Liu Kuan, Tomlinson George, Reed Ann M, Huber Adam M, Saarela Olli, Bout-Tabaku Sharon M, Curran Megan, Dvergsten Jeffrey A, Eberhard Barbara A, Jung Lawrence K, Kim Susan, Ringold Sarah, Rouster-Steven Kelly A, Tesher Melissa, Wahezi Dawn M, Feldman Brian M
K. Liu, MMath, B.M. Feldman, MD, MSc, FRCPC, The Hospital for Sick Children, Toronto, and Dalla Lana School of Public Health, University of Toronto, Toronto, Ontario, Canada.

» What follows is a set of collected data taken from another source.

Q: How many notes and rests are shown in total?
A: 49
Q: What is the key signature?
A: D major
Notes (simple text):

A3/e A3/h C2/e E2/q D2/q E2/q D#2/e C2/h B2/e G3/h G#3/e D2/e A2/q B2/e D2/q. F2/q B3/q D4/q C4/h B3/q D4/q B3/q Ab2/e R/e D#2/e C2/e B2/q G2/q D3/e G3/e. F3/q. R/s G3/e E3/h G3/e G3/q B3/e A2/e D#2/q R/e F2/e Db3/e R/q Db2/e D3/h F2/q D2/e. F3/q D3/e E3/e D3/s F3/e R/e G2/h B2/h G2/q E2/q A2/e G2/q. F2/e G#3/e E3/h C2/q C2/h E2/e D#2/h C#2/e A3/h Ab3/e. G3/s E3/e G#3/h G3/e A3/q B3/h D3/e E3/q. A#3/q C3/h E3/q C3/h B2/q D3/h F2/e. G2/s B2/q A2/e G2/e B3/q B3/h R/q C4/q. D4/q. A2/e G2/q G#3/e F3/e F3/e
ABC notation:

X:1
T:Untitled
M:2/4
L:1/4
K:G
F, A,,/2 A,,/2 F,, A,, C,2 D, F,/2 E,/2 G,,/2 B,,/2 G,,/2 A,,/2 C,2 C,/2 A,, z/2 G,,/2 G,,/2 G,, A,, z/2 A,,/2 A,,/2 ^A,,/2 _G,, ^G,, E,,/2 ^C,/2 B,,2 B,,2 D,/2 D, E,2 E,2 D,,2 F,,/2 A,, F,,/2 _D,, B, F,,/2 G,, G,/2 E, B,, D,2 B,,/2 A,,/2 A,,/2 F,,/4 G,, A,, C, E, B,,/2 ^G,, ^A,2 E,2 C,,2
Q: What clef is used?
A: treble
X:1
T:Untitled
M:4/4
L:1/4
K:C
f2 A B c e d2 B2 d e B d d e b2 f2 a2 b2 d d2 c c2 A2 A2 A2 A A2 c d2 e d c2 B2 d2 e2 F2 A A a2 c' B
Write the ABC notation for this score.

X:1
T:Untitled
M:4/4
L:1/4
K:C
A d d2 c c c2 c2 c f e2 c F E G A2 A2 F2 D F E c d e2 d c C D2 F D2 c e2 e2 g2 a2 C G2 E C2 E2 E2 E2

G. Tomlinson, PhD, Department of Medicine, University Health Network, Toronto, Ontario, Canada.
J Rheumatol. 2021 Jan 1;48(1):114-122. doi: 10.3899/jrheum.190494. Epub 2020 Apr 1.
To determine the feasibility of comparing the Childhood Arthritis and Rheumatology ResearchAlliance (CARRA) consensus treatment plans (CTP) in treating moderate new-onset juvenile dermatomyositis (JDM) using the CARRA registry, and to establish appropriate analytic methods to control for confounding by indication and missing data.
A pilot cohort of 39 patients with JDM from the CARRA registry was studied. Patients were assigned by the treating physician, considering patient/family preferences, to 1 of 3 CTP: methotrexate (MTX) and prednisone (MP); intravenous (IV) methylprednisolone, MTX, and prednisone (MMP); or IV methylprednisolone, MTX, prednisone, and IV immunoglobulin (MMPI). The primary outcome was the proportion of patients achieving moderate improvement at 6 months under each CTP. Statistical methods including multiple imputation and inverse probability of treatment weighting were used to handle missing data and confounding by indication.
Patients received MP (n = 13), MMP (n = 18) and MMPI (n = 8). Patients in all CTP had significant improvement in disease activity. Of the 36 patients who remained in our pilot study at 6 months, 16 (44%) of them successfully achieved moderate improvement at 6 months (6/13, 46% for MP; 7/15, 47% for MMP; 3/8, 38% for MMPI). After correcting for confounding, there were no statistically significant pairwise differences between the CTP ( = 0.328-0.88).
We gained valuable experience and insight from our pilot study that can be used to guide the design and analysis of comparative effectiveness studies using the CARRA registry CTP approach. Our analytical methods can be adopted for future comparative effectiveness studies and applied to other rare disease observational studies.
利用儿童关节炎与风湿病研究联盟(CARRA)注册库确定比较儿童关节炎与风湿病研究联盟共识治疗方案(CTP)治疗中度新发幼年皮肌炎(JDM)的可行性,并建立适当的分析方法以控制指示性偏倚和缺失数据。
对来自CARRA注册库的39例JDM患者的试点队列进行研究。治疗医师根据患者/家庭偏好,将患者分配至3种CTP方案之一:甲氨蝶呤(MTX)和泼尼松(MP);静脉注射(IV)甲泼尼龙、MTX和泼尼松(MMP);或IV甲泼尼龙、MTX、泼尼松和IV免疫球蛋白(MMPI)。主要结局是每种CTP方案下6个月时病情获得中度改善的患者比例。采用包括多重填补和治疗权重逆概率在内的统计方法处理缺失数据和指示性偏倚。
患者接受MP方案(n = 13)、MMP方案(n = 18)和MMPI方案(n = 8)。所有CTP方案组患者的疾病活动度均有显著改善。在6个月时仍留在我们试点研究中的36例患者中,16例(44%)在6个月时成功实现了中度改善(MP方案组6/13,46%;MMP方案组7/15,47%;MMPI方案组3/8,38%)。校正混杂因素后,各CTP方案之间无统计学显著的两两差异(P = 0.328 - 0.88)。
我们从试点研究中获得了宝贵的经验和见解,可用于指导采用CARRA注册库CTP方法的比较有效性研究的设计和分析。我们的分析方法可用于未来的比较有效性研究,并应用于其他罕见病观察性研究。